┌──

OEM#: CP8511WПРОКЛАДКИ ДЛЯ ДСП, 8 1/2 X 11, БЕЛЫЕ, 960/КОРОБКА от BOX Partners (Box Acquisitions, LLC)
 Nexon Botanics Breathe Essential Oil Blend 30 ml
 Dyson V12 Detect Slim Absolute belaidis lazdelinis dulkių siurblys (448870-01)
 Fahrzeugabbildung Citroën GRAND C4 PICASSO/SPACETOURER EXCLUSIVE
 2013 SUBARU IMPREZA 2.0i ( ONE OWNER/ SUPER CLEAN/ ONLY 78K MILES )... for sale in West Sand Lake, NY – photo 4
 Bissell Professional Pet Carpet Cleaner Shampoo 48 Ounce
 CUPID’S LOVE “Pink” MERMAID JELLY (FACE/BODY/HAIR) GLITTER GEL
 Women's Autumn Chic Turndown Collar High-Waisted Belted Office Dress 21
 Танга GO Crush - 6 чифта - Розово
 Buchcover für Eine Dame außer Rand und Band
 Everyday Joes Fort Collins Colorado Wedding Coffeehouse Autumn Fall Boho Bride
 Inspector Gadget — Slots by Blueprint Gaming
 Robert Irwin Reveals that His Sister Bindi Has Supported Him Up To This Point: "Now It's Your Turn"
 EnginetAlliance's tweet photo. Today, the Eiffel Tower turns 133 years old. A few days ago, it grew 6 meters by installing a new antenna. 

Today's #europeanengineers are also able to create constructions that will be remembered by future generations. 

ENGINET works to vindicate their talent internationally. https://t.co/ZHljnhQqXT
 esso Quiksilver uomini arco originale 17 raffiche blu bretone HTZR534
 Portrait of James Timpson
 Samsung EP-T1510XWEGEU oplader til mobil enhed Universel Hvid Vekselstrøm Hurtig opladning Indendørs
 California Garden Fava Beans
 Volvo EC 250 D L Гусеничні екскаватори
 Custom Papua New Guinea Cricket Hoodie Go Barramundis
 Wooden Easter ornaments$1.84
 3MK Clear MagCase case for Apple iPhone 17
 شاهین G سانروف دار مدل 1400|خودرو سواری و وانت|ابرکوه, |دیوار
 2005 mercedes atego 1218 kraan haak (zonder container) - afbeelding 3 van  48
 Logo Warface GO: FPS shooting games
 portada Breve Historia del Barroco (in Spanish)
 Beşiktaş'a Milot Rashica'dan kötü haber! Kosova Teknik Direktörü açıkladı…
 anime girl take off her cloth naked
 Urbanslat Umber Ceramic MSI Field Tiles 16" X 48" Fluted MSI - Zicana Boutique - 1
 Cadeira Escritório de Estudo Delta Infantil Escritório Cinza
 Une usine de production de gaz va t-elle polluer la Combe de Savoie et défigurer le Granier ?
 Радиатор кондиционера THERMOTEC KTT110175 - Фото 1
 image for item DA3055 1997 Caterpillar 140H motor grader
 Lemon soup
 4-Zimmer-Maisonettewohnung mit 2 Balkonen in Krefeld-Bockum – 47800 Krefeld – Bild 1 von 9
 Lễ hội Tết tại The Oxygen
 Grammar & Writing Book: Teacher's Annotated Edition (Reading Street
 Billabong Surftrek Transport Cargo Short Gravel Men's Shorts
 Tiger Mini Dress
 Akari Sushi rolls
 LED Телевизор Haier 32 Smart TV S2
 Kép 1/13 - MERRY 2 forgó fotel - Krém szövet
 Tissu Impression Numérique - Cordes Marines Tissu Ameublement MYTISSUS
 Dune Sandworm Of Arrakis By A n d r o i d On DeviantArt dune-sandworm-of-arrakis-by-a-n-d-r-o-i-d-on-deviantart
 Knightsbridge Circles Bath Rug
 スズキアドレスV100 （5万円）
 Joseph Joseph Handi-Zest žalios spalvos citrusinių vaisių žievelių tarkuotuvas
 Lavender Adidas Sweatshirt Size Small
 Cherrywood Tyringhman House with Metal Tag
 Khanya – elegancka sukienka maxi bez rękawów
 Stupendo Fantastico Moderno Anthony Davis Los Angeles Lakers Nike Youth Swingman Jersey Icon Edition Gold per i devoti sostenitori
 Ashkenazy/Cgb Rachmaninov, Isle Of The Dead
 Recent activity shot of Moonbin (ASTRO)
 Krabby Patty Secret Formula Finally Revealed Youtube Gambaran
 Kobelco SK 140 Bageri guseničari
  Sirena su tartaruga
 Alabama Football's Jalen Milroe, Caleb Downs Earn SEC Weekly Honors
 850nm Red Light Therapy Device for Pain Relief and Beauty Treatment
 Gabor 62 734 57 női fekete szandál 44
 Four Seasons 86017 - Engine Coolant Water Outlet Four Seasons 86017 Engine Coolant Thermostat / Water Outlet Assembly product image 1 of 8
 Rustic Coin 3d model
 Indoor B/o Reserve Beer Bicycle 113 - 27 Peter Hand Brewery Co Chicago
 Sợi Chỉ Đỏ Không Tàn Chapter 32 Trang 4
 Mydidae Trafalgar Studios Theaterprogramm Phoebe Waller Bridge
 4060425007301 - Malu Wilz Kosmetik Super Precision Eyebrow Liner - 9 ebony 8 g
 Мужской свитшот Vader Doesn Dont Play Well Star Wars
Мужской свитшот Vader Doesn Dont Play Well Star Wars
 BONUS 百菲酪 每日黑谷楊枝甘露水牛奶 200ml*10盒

└──

◆ **Work task**
The lines from the beginning of the records through the line containing "Fahrzeugabbildung Citroën GRAND" should be reproduced exactly. Include nothing else.

◆ **Answer to this task**
OEM#: CP8511WПРОКЛАДКИ ДЛЯ ДСП, 8 1/2 X 11, БЕЛЫЕ, 960/КОРОБКА от BOX Partners (Box Acquisitions, LLC)
 Nexon Botanics Breathe Essential Oil Blend 30 ml
 Dyson V12 Detect Slim Absolute belaidis lazdelinis dulkių siurblys (448870-01)
 Fahrzeugabbildung Citroën GRAND C4 PICASSO/SPACETOURER EXCLUSIVE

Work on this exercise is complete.